╭─ EXERCISE DATA

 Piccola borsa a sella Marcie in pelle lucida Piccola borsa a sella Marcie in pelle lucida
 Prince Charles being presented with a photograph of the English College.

╰─
╭─ EXERCISE DATA

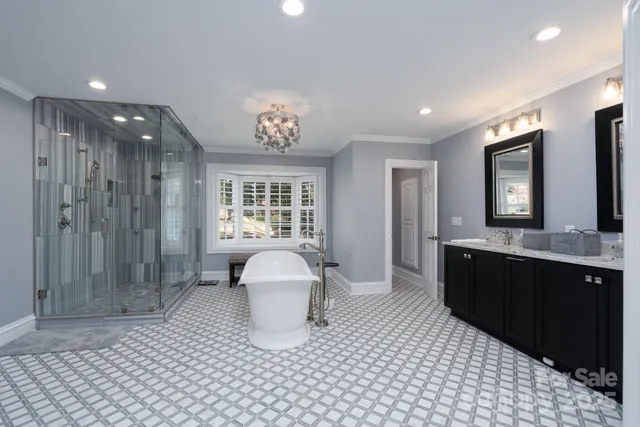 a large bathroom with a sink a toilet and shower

╰─

* [ACTIVITY]
Restate word for word the entries above, starting at the line with "Piccola borsa a sella Marcie in pelle lucida Piccola" and ending at the line with "Prince Charles being", inclusive, and no others.

* [RESPONSE TO THIS EXERCISE]
 Piccola borsa a sella Marcie in pelle lucida Piccola borsa a sella Marcie in pelle lucida
 Prince Charles being presented with a photograph of the English College.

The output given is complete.